We've been monitoring our adversaries' communication channels, but they encrypt their data with XOR one-time pads! However, we hear rumors that they're reusing the pads... Enclosed are three encrypted messages. Our mole overheard the plaintext of message 2. Given this information, can you break the enemy's encryption and get the plaintext of the other messages?

Table of Contents

  1. Source code
  2. Solution

Source code

We are given 4 files : 3 ciphers and 1 plaintext

c1 c2 c3 p2

Solution

We know that they are reusing the same pad, so the key is the same for c1, c2 and c3.

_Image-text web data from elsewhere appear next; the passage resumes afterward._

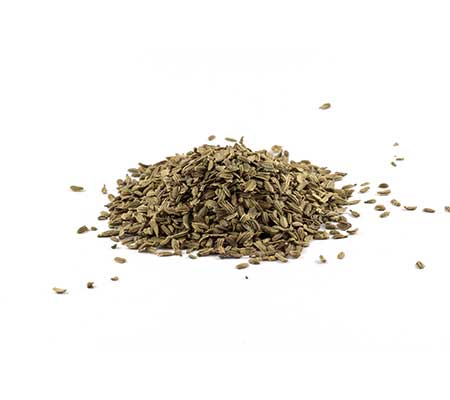 Close-up of Scarlet Nantes carrot seeds in a pile with a white backdrop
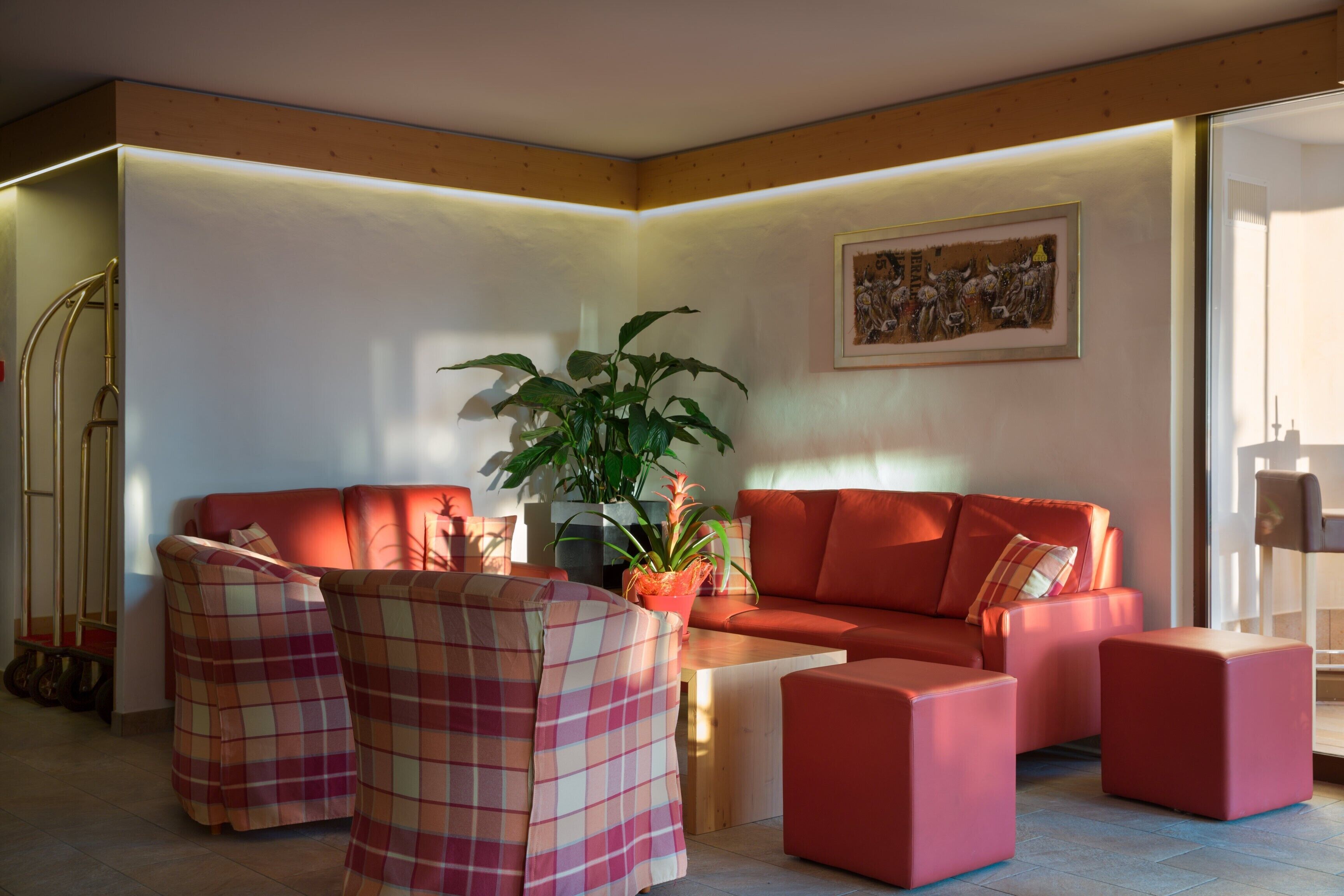 Een moderne woonkamer met een rode bank, geruite fauteuils en een salontafel.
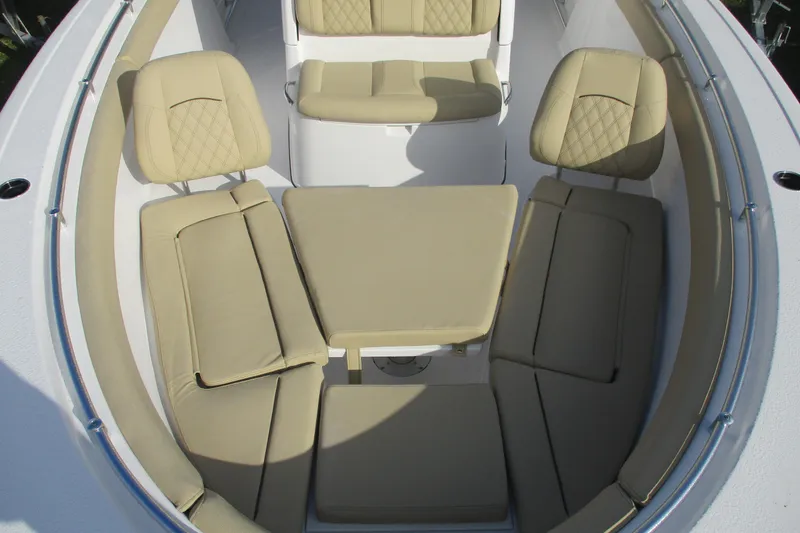 Slide: The Image of 2026 Sportsman Open 302 Center Console with beige cushioned seating arrangement. - 19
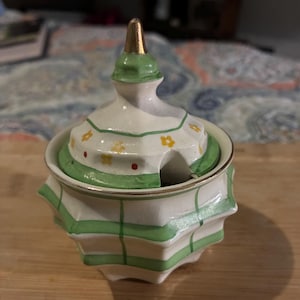 May include: A white ceramic sugar bowl with a faceted, star-shaped body featuring green horizontal and vertical stripes. The matching lid has a gold-toned finial, green trim, and a pattern of small yellow flowers and red dots with a spoon notch.
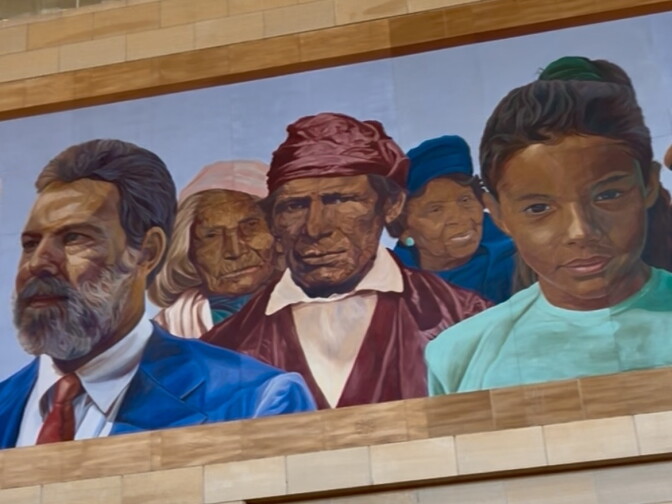 A mural shows several people of various ages and ethnicities, wearing blue, brown and teal clothes.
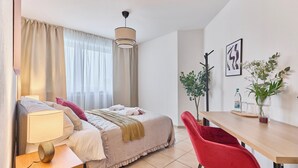 A hotel room with a bed, bedside table, lamp, red chair, dining table, potted plants, and artwork on the wall. - Rosalia - Stylish living, central experience (Kaiserslautern)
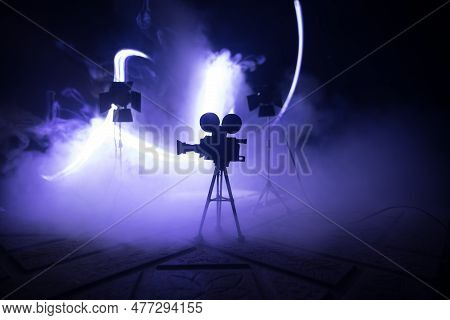 Movie Concept. Miniature Movie Set On Dark Toned Background With Fog And Empty Space. Silhouette Of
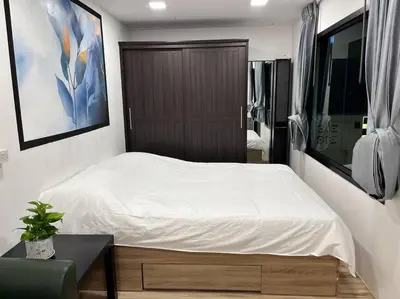 a bedroom with a white bed and a wooden cabinet at \u72ec\u7acb\u5ead\u9662 \u82b1\u56ed\u5f0f\u7684\u4e24\u5367\u4e24\u536b\u6c11\u5bbf \u8fd1mrt 2 in Bang O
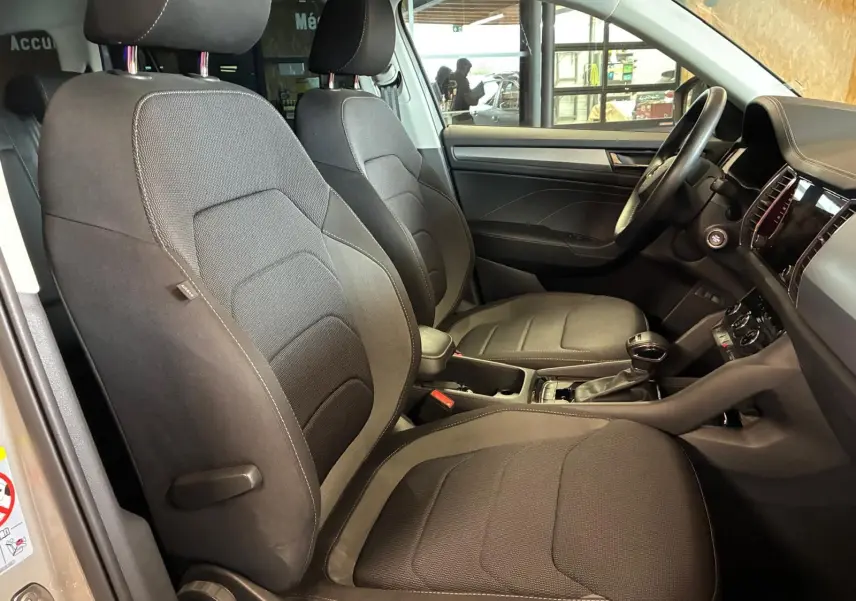 Vue intérieure côté gauche du Skoda Kodiaq 2023 gris clair, montrant les sièges avant en tissu noir et le tableau de bord.
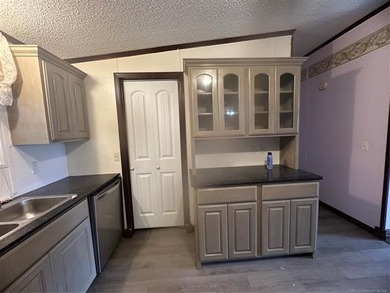 LARGE DOUBLE-WIDE HOME ON NEARLY HALF AN ACRE AND LESS THAN A - photo 21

We have the plaintext of the cipher 2 that is plaintext 2. Thus :

p2 ^ key = c2

Which is equivalent to :

key = c2 ^ p2

With the key, we can retrieve the cleartext content of the other ciphers :

def xor_bytes(byte_str1, byte_str2):
    # Perform the XOR operation byte by byte
    result = bytearray()
    for b1, b2 in zip(byte_str1, byte_str2):
        result.append(b1 ^ b2)

    return bytes(result)


with open('c1.txt', 'rb') as fc1:
   c1 = fc1.read()
with open('c2.txt', 'rb') as fc2:
   c2 = fc2.read()
with open('c3.txt', 'rb') as fc3:
   c3 = fc3.read()
with open('p2.txt', 'rb') as fp2:
   p2 = fp2.read()

# Plaintext ^ Cipher = Key
key = xor_bytes(c2, p2)

# Cipher ^ Key = Plaintext
print(xor_bytes(key, c1))
print(xor_bytes(key, c3))

Result :

└─$ python exploit_reuse_pad.py
b'before computers, one-time pads were sometimes'
b'uiuctf{burn_3ach_k3y_aft3r_us1ng_1t}'

FLAG : uiuctf{burn_3ach_k3y_aft3r_us1ng_1t}